Kashmir's pluralism fractured in 1990. Healing it is the unfinished and urgent business of our democracy. It is long past time to restore it

Thirty-six years. That is how long Kashmiri Pandits have lived as exiles in their own motherland, stripped of home, hearth, and the political will that should have protected them. They did not leave voluntarily. They fled under terror, targeted threats, and a catastrophic collapse of state protection in January 1990. Yet decade after decade, the response from governments in Srinagar and Delhi has been packages, promises, and platitudes while the Valley they love remains beyond reach.

On April 1, 2026, Chief Minister Omar Abdullah addressed the Assembly with rare candour. He acknowledged that migration occurred under extraordinarily difficult circumstances after security collapsed and affirmed that return cannot be expected unless genuine safety is fully restored. His pledge to legislate protection for Hindu shrines was a welcome signal. So was his recognition of a quiet, enduring truth: ordinary Kashmiri Muslims never abandoned their Pandit neighbours in spirit, even when political structures failed both communities. That truth deserves not merely acknowledgement, it demands amplification.

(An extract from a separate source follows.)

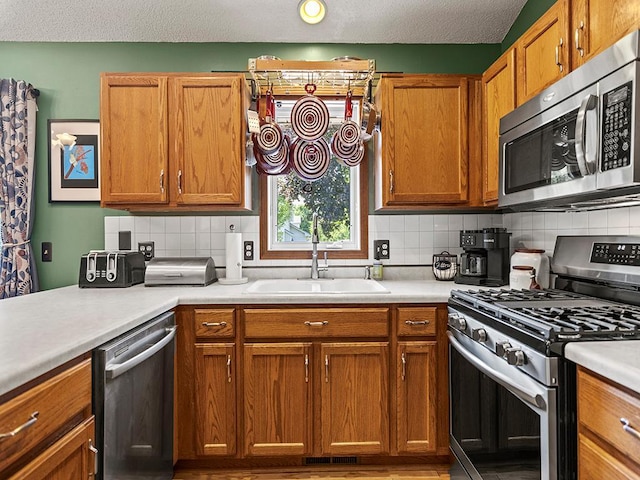 201 3rd St NW, Saint Michael, MN 55376 - kitchen featuring appliances with stainless steel finishes, light countertops, tasteful backsplash, brown cabinets, and a textured ceiling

The policy record is long. From the 1990s emergency relief to anti-distress-sale legislation in 1996; from 3,000 government jobs and transit accommodation in 2008 to the ₹6,000 crore PM Development Package of 2015; from 6,000 Valley flats now 68 percent complete to ongoing MHA reviews, each government has constructed a ladder for return. Yet actual returnees barely number 4,000. The gap between policy and people is not administrative. It is political. Security protocols remain porous. Anonymity protections are inadequate. Community trust has not been structurally rebuilt.

PDP legislator Agha Syed Muntazir Mehdi's reintegration bill presents every party a historic, non-partisan opportunity. His appeal to NC, BJP, and all formations to rise above political divides is not rhetoric; it is moral clarity. Farooq Abdullah calls Pandits "Always Welcome." Mehbooba Mufti calls their return "key to lasting peace." Without legislation, security architecture, and genuine cross-party consensus, these words remain hollow. Let this be stated plainly: Kashmiri Pandits are not a vote bank, not a BJP narrative, not a Congress sympathy card. They are Kashmiris, and Kashmir remains constitutionally, culturally, and morally incomplete without them.

Stop managing the wound. Heal it. Enact the law. Restore safety. Welcome them home not as displaced persons, but as the rightful children of this soil. Kashmir's pluralism fractured in 1990. Healing it is the unfinished and urgent business of our democracy. It is long past time to restore it.